* WHAT YOU WILL DO: Please output exactly the lines from the one that holds "bathroom with vanity, plus" through the final line of the data, and nothing else; leave out any pictures.

= Beginning of Section =

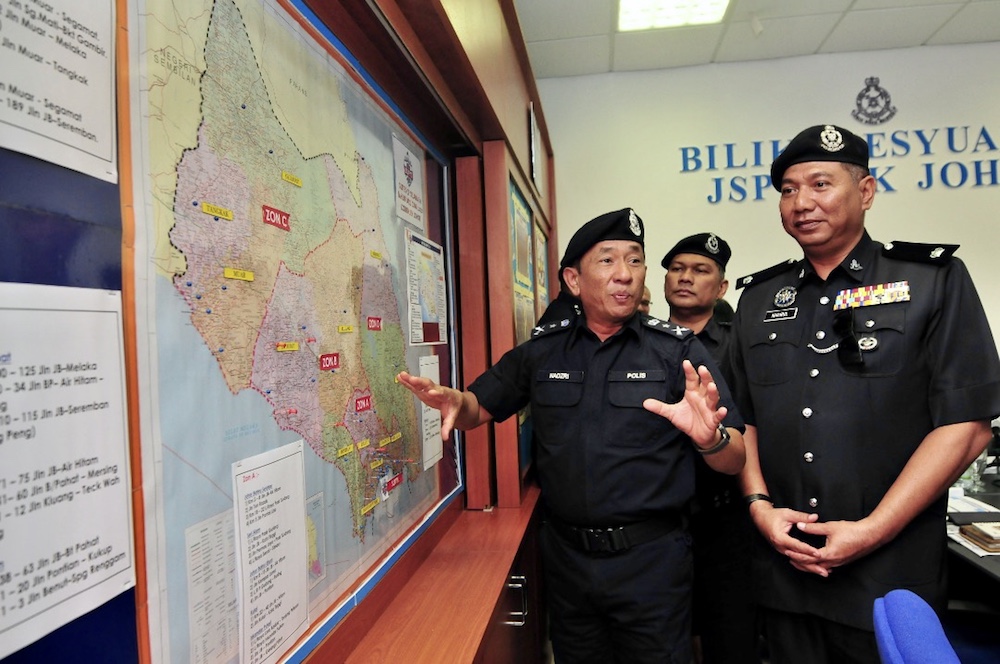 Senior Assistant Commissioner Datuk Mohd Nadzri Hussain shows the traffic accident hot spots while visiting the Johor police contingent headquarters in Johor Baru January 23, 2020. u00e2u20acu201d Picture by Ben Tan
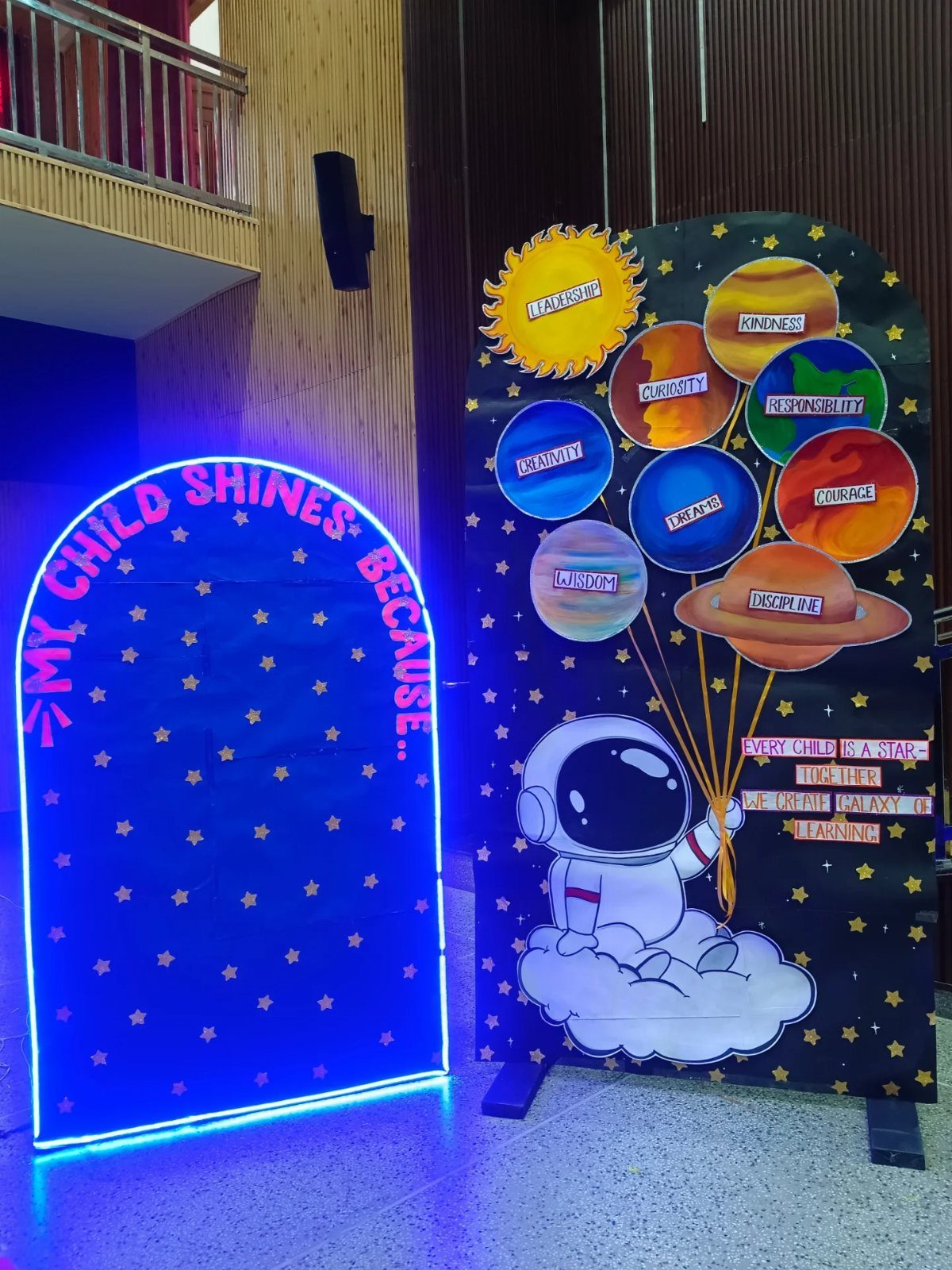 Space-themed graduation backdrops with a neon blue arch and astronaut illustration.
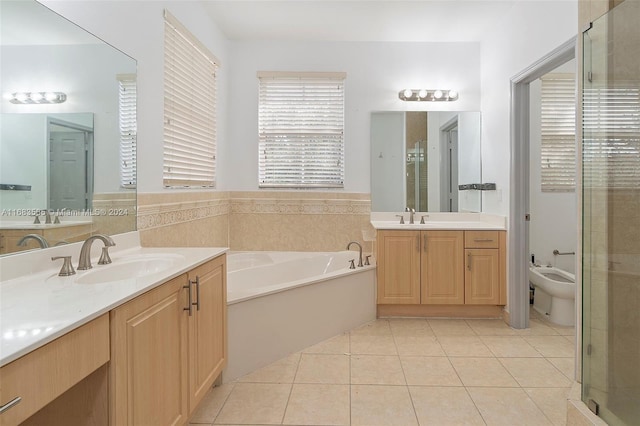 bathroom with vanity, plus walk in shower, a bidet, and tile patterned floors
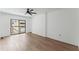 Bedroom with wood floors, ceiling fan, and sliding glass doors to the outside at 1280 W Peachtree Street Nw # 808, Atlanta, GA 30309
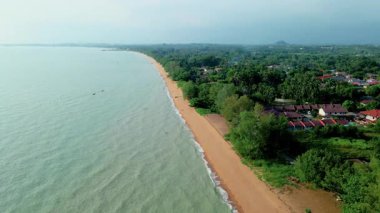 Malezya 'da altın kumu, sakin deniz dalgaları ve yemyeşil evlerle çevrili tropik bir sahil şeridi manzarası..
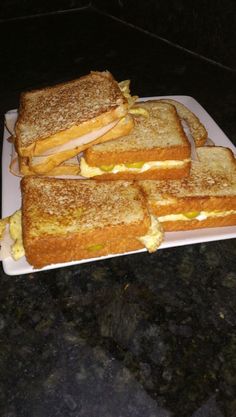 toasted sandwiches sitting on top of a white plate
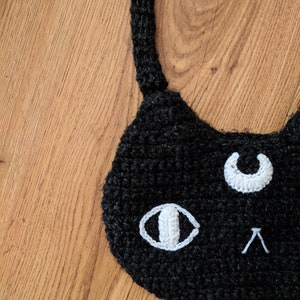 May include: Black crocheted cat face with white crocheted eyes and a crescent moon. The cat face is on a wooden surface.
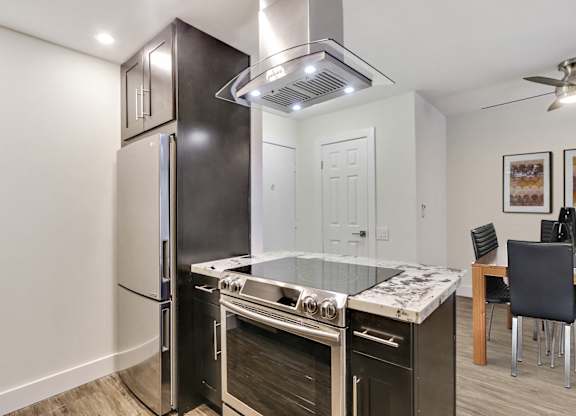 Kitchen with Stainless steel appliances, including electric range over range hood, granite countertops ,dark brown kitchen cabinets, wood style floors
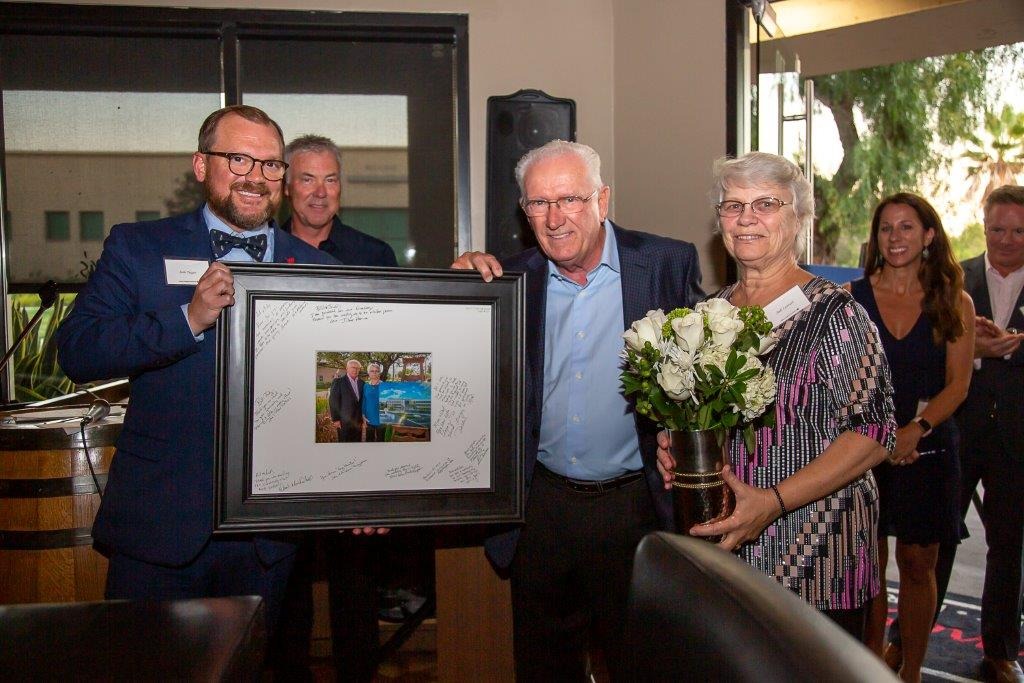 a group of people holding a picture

= End of Section =

* WRITTEN SOLUTION:
 bathroom with vanity, plus walk in shower, a bidet, and tile patterned floors
 Bedroom with wood floors, ceiling fan, and sliding glass doors to the outside at 1280 W Peachtree Street Nw # 808, Atlanta, GA 30309
 Malezya 'da altın kumu, sakin deniz dalgaları ve yemyeşil evlerle çevrili tropik bir sahil şeridi manzarası..
 toasted sandwiches sitting on top of a white plate
 May include: Black crocheted cat face with white crocheted eyes and a crescent moon. The cat face is on a wooden surface.
 Kitchen with Stainless steel appliances, including electric range over range hood, granite countertops ,dark brown kitchen cabinets, wood style floors
 a group of people holding a picture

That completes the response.